(写真:ロイター/アフロ)
(写真:ロイター/アフロ)

 アパホテルの客室内に、アパホテルグループの元谷外志雄代表の書いた歴史本が常備されていて、しかもその内容が「南京大虐殺や慰安婦問題はねつ造」といったものが含まれていたことが、中国さまの怒りをたいそう買って、“官製”不買運動に発展したことは、すでにいろんなメディアが報じている。

 先週日曜には、ついに在日中国人らによる抗議デモが新宿で行われて、それに対して在特会元会長らがカウンターデモを行ったという。ライブでのネット放送や、知人が現場で取材した様子を見るに、口汚い言葉を発するのはカウンターデモ側で、むしろ中国人サイドは「日中友好」や「JAPAN好き」みたいな垂れ幕を掲げて行進するサイレントデモだった。当初300人などと言われていたデモ参加者も100人以下、正味の中国人参加は数十人レベルで、むしろカウンターデモが騒ぎを起こさねば、ほとんどニュースバリューもない話だった。
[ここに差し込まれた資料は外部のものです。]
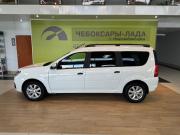Lada (ВАЗ) Largus I Рестайлинг Чебоксары  - изображение 43
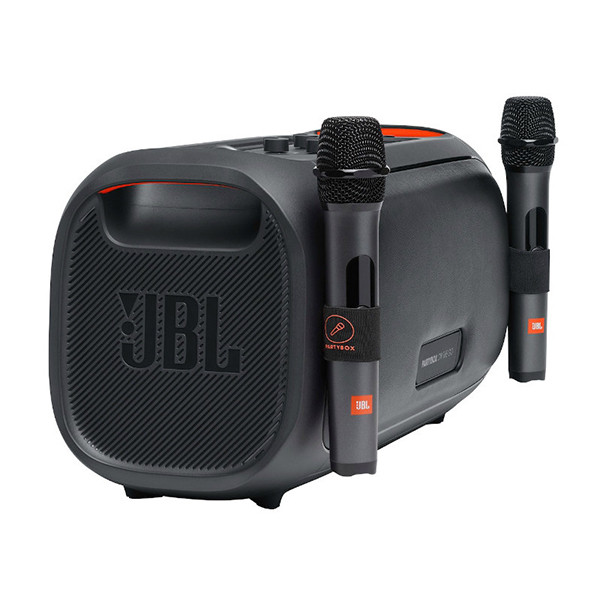 Loa Bluetooth JBL PartyBox On-The-Go- CHINH HÃNG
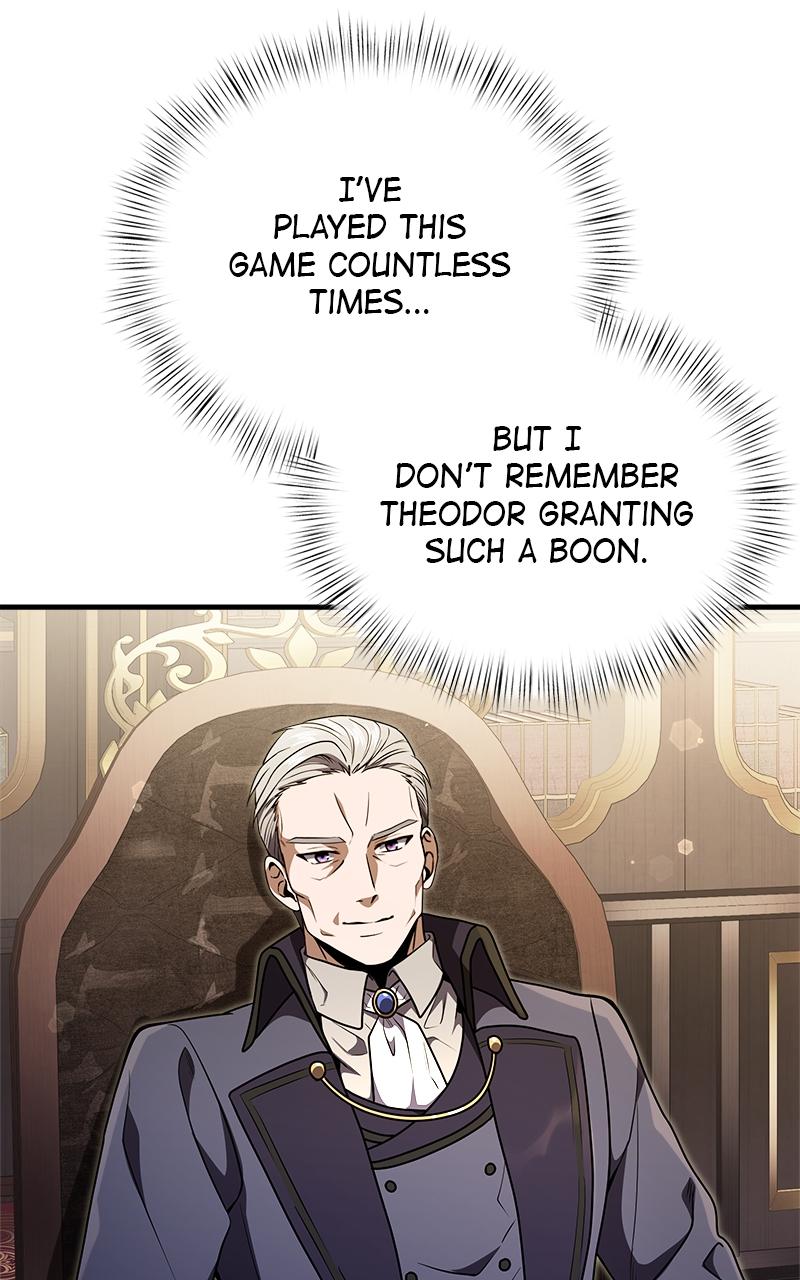 Time-Limited Genius Dark Knight Chap 15 - Next Chap 16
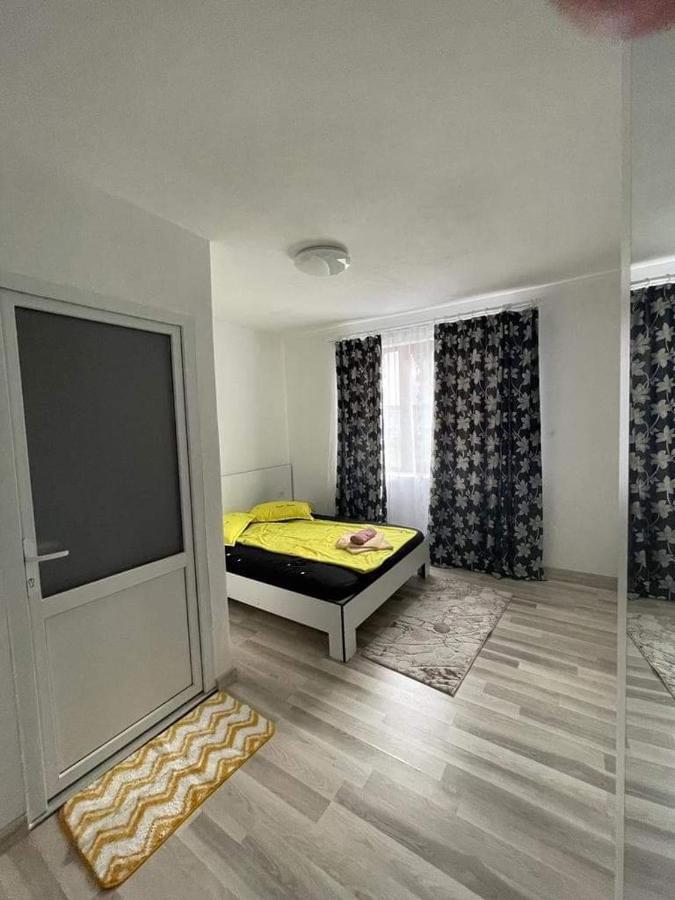 Casa De Vacanta Maga Dubova Eksteriør billede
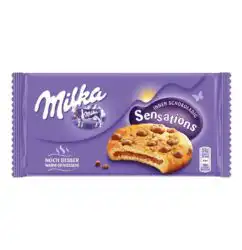 Milka Бисквити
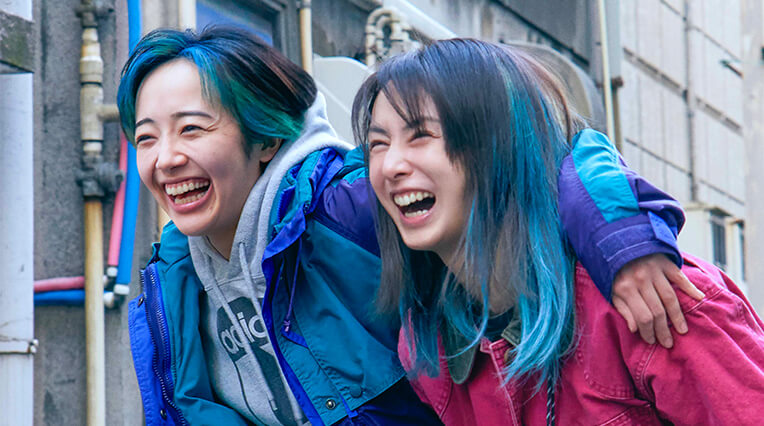 『ナイトフラワー』テレビ初放送記念　【夜に咲く、愛と欲望の映画たち】　
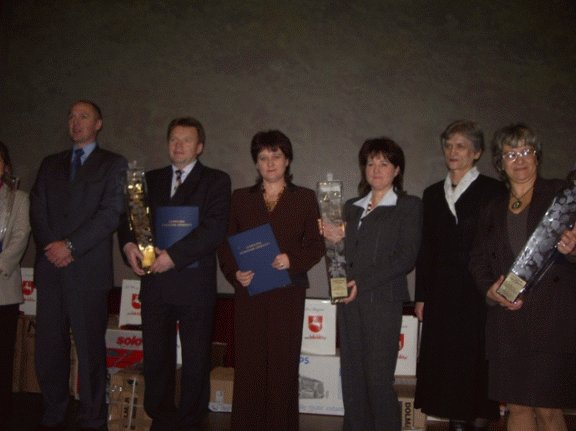 Gmina Łuków - foto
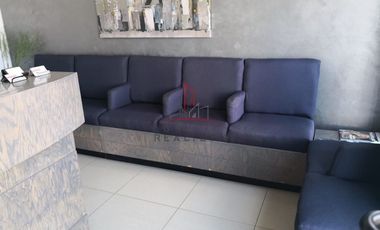 Oficina Renta Plaza Cumbres Chihuahua 7,000 LuzCha R138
 結果的には、中国やアンチアパホテル側にとっていい感じの映像や記事が山のように出来上がった。ちなみに、私は現場にはいかなかった。目の前の片付けなければいけない仕事が山積みであったのと、実際あんまり興味がわかなかったことも、目と鼻の先の現場にいかない怠け者のいいわけである。

 だが、はっきり言って、これはニュースとして取り上げれば取り上げるほど、中国にとって有利な情報拡散になるプロパガンダという気がして、かかわりたくないのだ。もちろん、そう言い切ってしまうほどの確たる裏はとれない。そういう場合は、報道しない自由を行使する。だが、ちょっと目に余る現象がいろいろと起きているので、現状を整理してみることにする。

実質主義の人たち

 そもそもアパホテルの経営者の歴史認識がどういうものであるかなど、例の田母神論文問題である程度新聞を読んでいる日本人ならば知っているし、在日中国人でも日本語のニュースを日々読んだり聞いたりしている人ならば、おおむね察しのつく話だ。

 それでも多くの中国人がこれまでアパホテルに泊まっていたということは、普通の民間人にとってホテル経営者の歴史認識、思想・信条などは気にするほどのものではなくて、ホテルとしてよいサービスやリーズナブルな価格の方を重視するのだ。反日活動家だってカメラはパナソニックを愛用しているし、播磨屋のおかきやDHCのサプリや化粧品を土産にもっていっても、普通の中国人はその会社の思想信条などに関心はなくて、日本の安全、安心、おいしい商品に夢中になる。そこらへんは実質主義の人たちである。